_AIM OF THE EXERCISE_
In the data below, the answer is the run of lines from the line containing "Choáng ngợp trước" through the line containing "Поляна со множеством цветов обои", both included; print it exactly and nothing else.

_RECORDS SUPPLIED_
+++

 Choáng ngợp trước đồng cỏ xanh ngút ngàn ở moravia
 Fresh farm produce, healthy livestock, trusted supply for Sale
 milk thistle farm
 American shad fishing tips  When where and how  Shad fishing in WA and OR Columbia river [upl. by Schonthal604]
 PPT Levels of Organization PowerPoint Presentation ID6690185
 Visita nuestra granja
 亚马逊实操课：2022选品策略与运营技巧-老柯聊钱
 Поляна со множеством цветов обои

+++

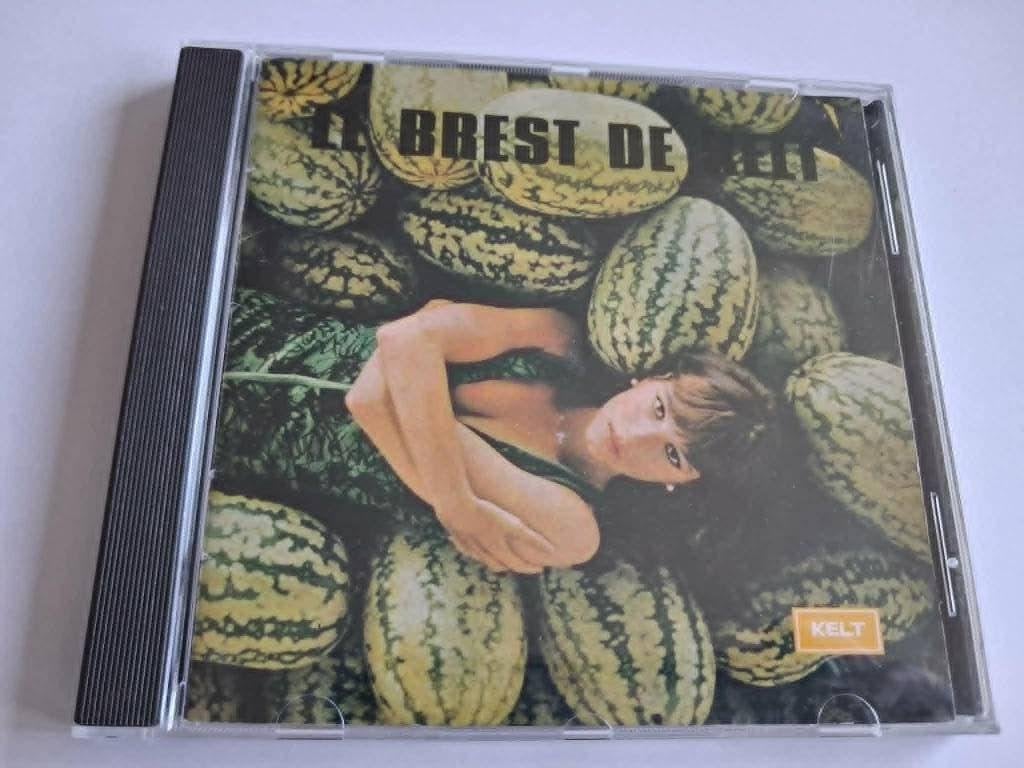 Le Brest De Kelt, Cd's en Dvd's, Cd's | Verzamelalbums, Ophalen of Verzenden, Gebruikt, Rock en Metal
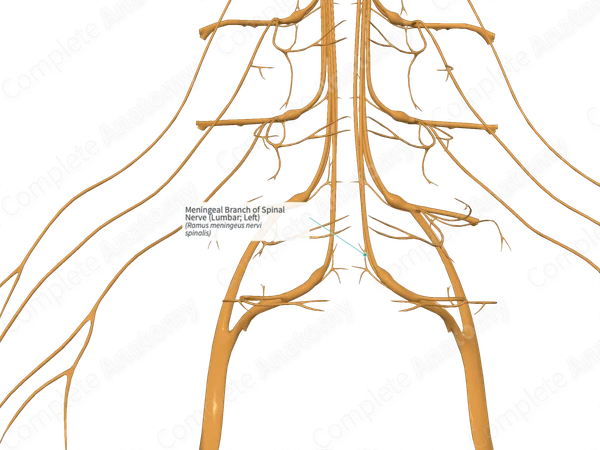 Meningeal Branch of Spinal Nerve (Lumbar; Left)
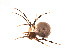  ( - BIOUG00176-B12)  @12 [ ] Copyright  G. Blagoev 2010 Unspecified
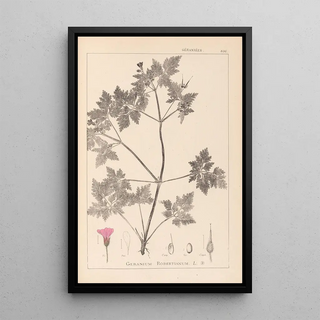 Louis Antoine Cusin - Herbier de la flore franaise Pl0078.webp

+++

_SOLUTION TO THIS PROBLEM_
 Choáng ngợp trước đồng cỏ xanh ngút ngàn ở moravia
 Fresh farm produce, healthy livestock, trusted supply for Sale
 milk thistle farm
 American shad fishing tips  When where and how  Shad fishing in WA and OR Columbia river [upl. by Schonthal604]
 PPT Levels of Organization PowerPoint Presentation ID6690185
 Visita nuestra granja
 亚马逊实操课：2022选品策略与运营技巧-老柯聊钱
 Поляна со множеством цветов обои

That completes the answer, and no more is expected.